[Opening EXTRACTED RECORDS section]

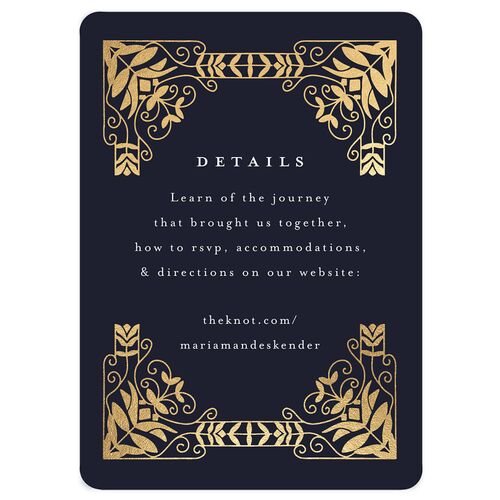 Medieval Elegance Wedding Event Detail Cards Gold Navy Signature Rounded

[Closing EXTRACTED RECORDS section]
[Opening EXTRACTED RECORDS section]

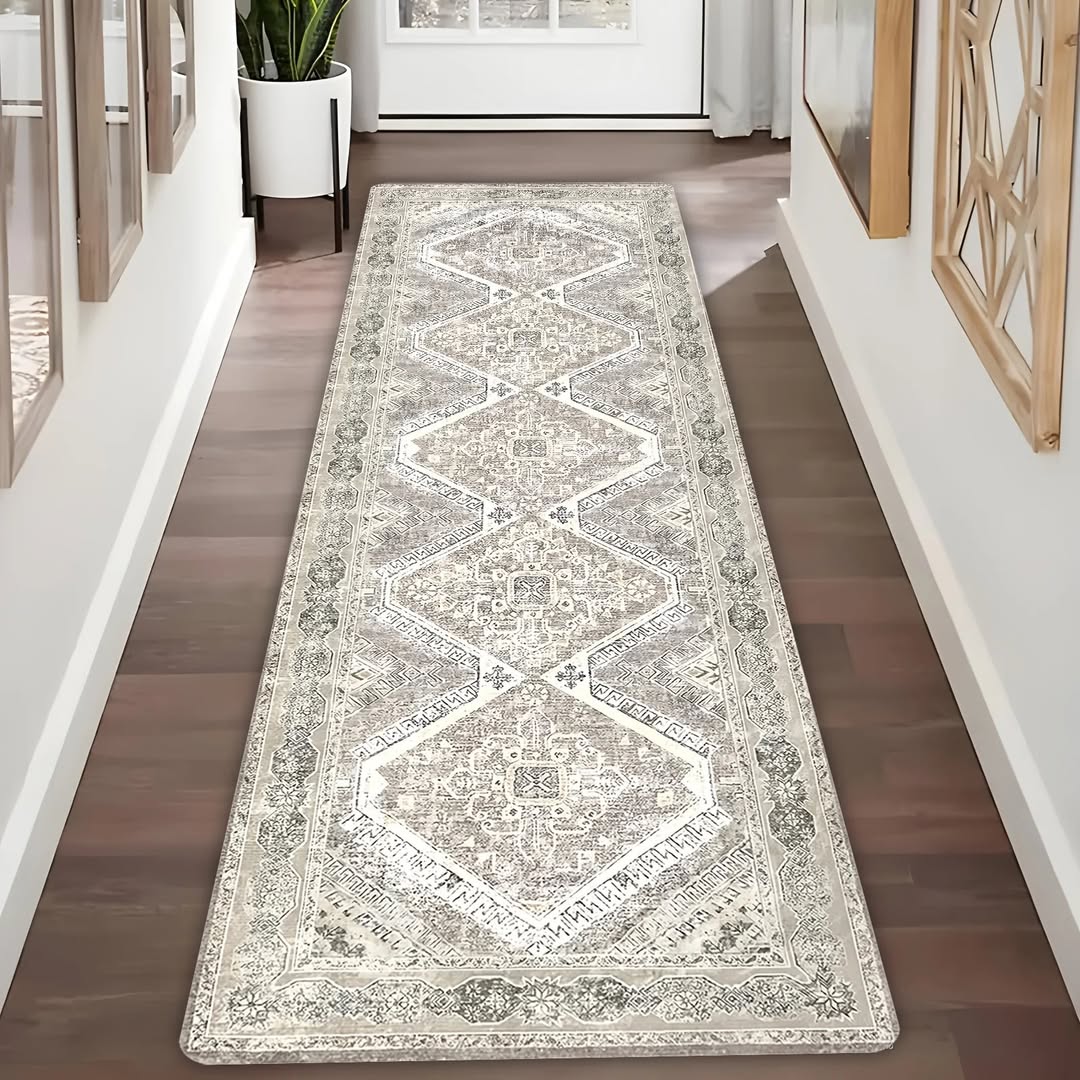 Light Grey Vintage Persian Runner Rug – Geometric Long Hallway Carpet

[Closing EXTRACTED RECORDS section]
[Opening EXTRACTED RECORDS section]

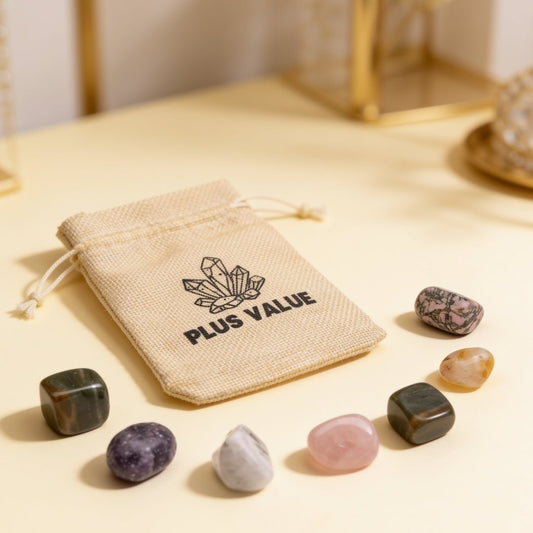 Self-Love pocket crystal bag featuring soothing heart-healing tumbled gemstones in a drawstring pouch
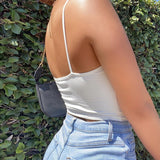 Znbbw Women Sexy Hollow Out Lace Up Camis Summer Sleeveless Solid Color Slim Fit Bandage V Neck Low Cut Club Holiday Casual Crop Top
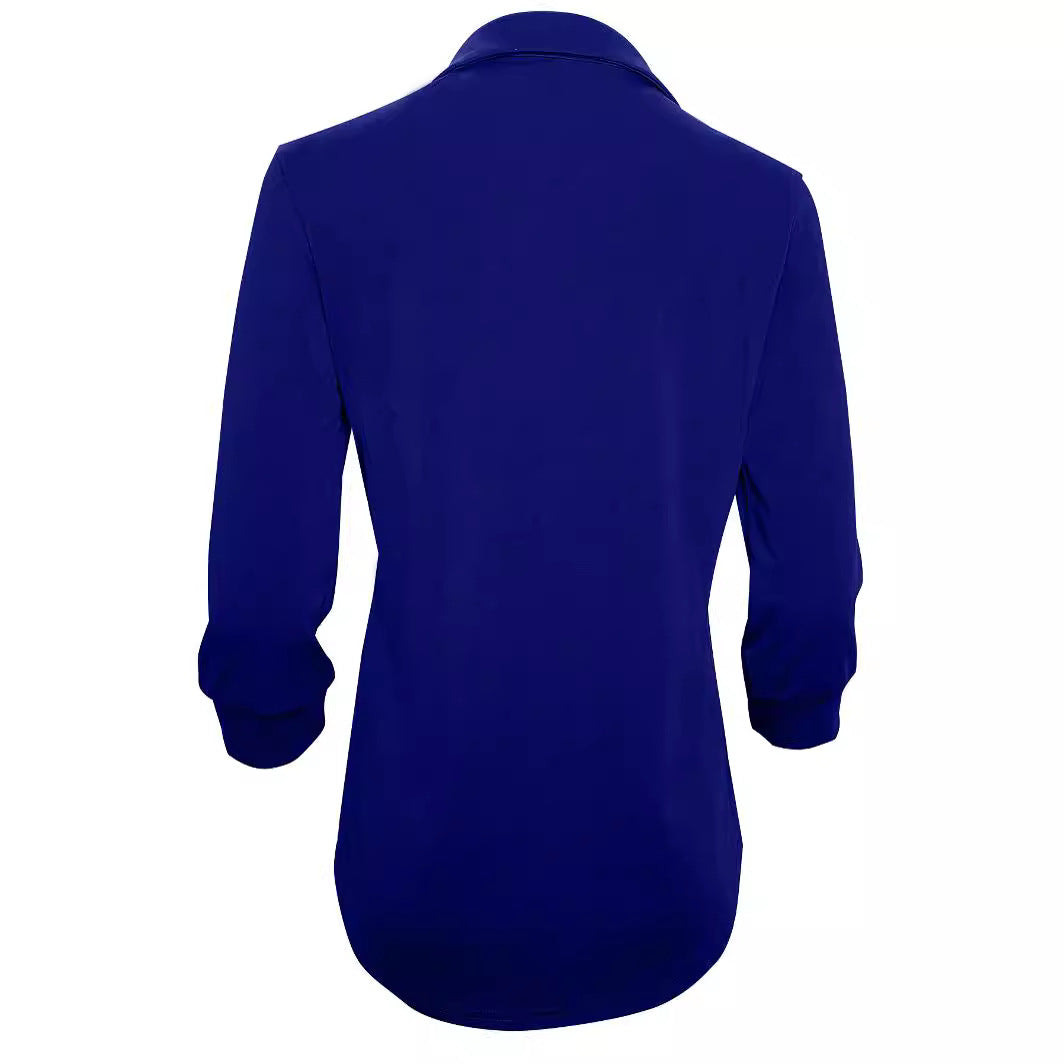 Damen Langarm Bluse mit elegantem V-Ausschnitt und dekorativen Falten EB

[Closing EXTRACTED RECORDS section]

**INSTRUCTIONS TO FOLLOW:**
Now transcribe the lines above exactly, starting at the line containing "Znbbw Women Sexy" and ending at the line containing "Damen Langarm Bluse", both lines included, pictures excluded.

**YOUR SOLUTION:**
 Znbbw Women Sexy Hollow Out Lace Up Camis Summer Sleeveless Solid Color Slim Fit Bandage V Neck Low Cut Club Holiday Casual Crop Top
 Damen Langarm Bluse mit elegantem V-Ausschnitt und dekorativen Falten EB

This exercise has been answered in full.